▶ SUPPLIED RECORDS
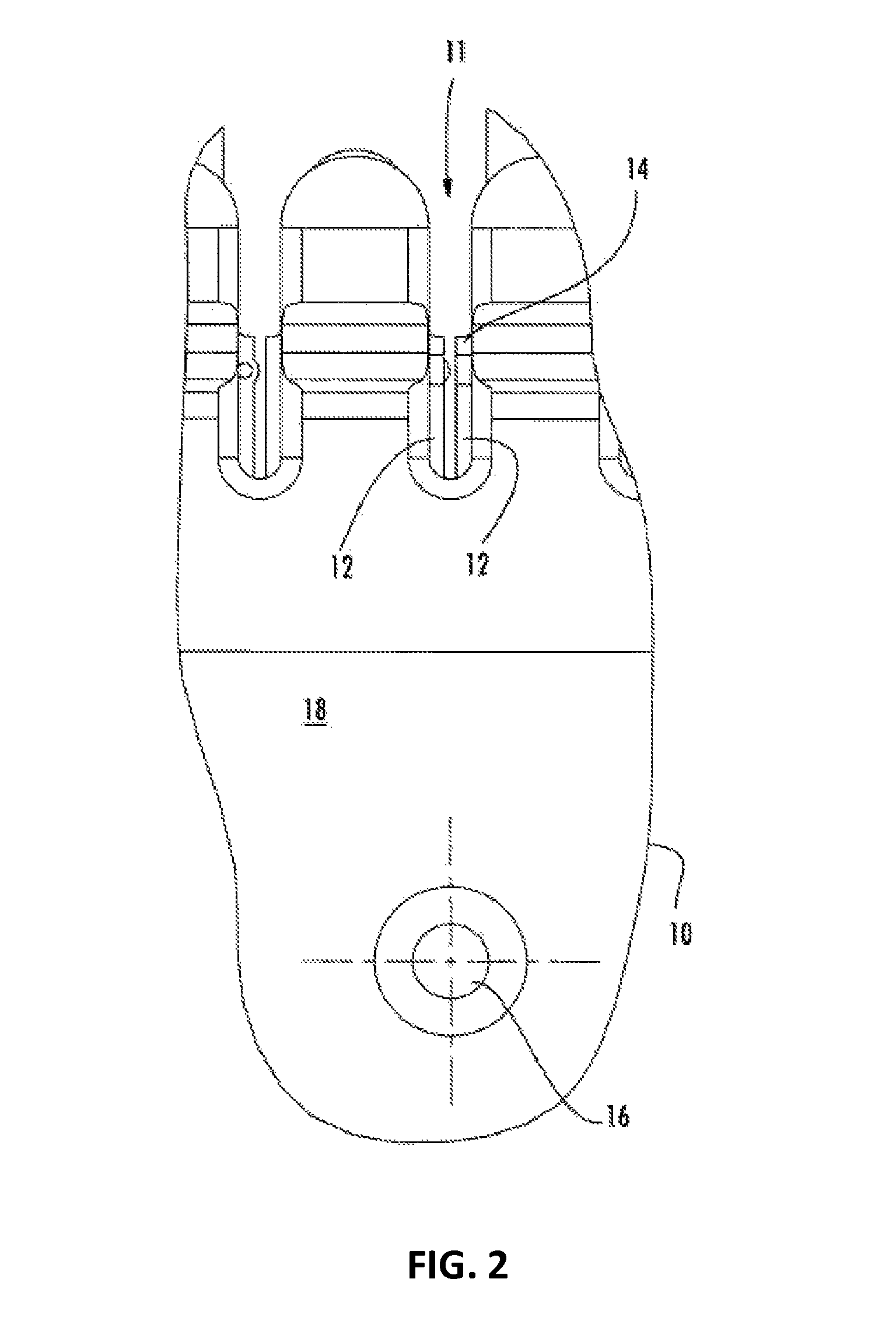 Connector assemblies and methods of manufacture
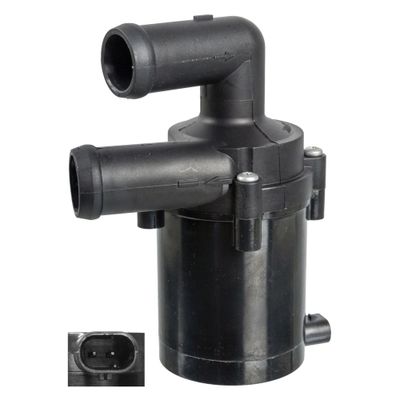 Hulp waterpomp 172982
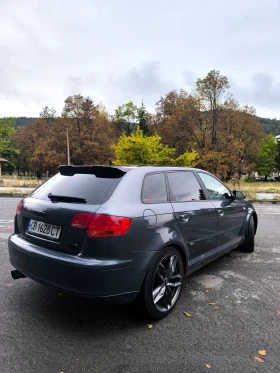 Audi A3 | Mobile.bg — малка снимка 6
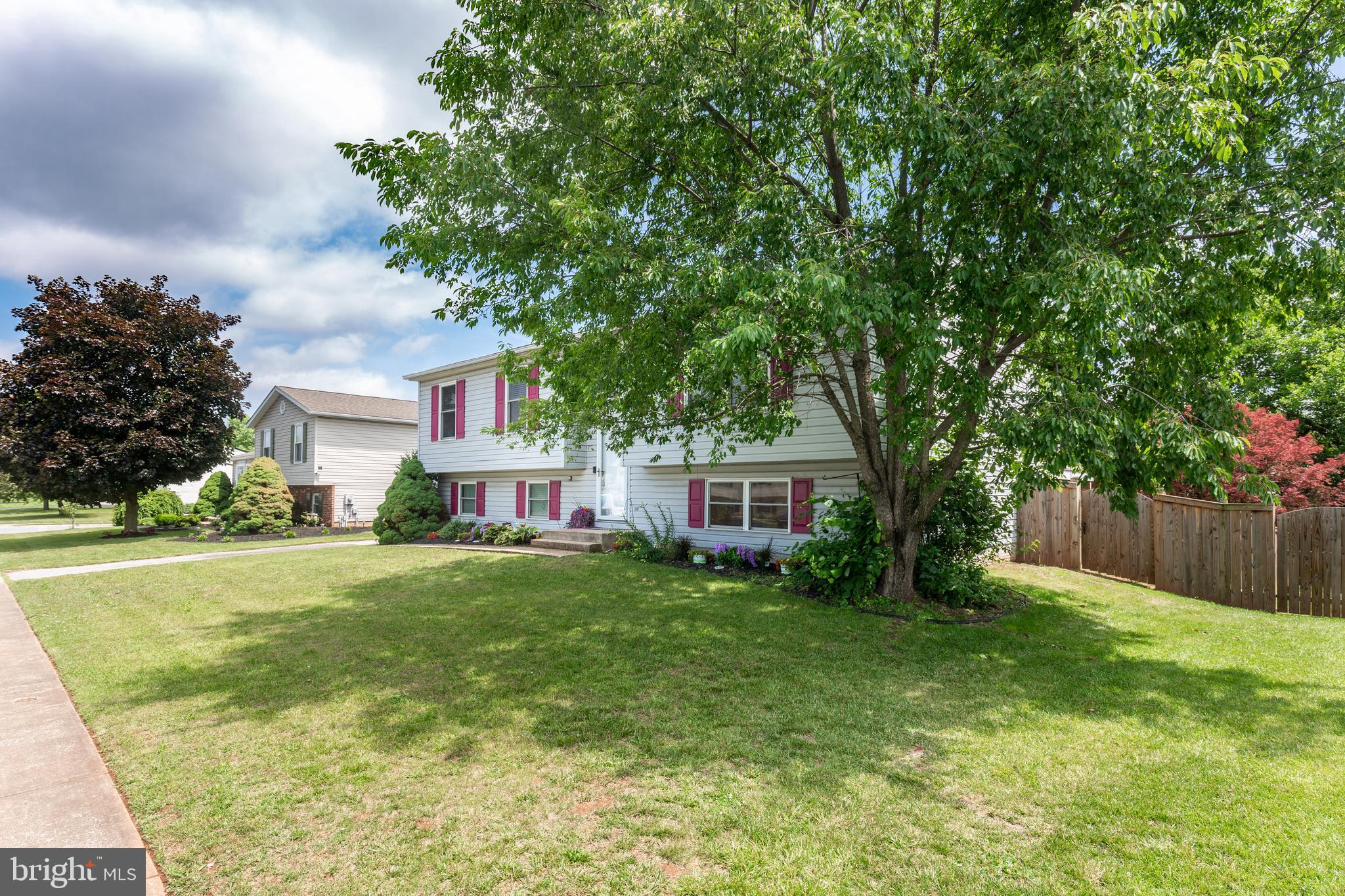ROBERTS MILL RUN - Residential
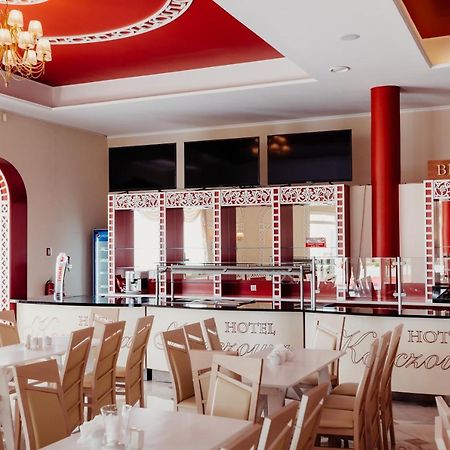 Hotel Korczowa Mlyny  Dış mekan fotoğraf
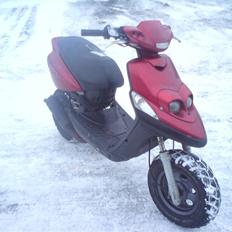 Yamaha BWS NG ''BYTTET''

▶ REQUIRED WORK
Every line in the records is to be retyped exactly as it stands; the pictures stay out.

▶ REPLY
 Connector assemblies and methods of manufacture
 Hulp waterpomp 172982
 Audi A3 | Mobile.bg — малка снимка 6
ROBERTS MILL RUN - Residential
 Hotel Korczowa Mlyny  Dış mekan fotoğraf
 Yamaha BWS NG ''BYTTET''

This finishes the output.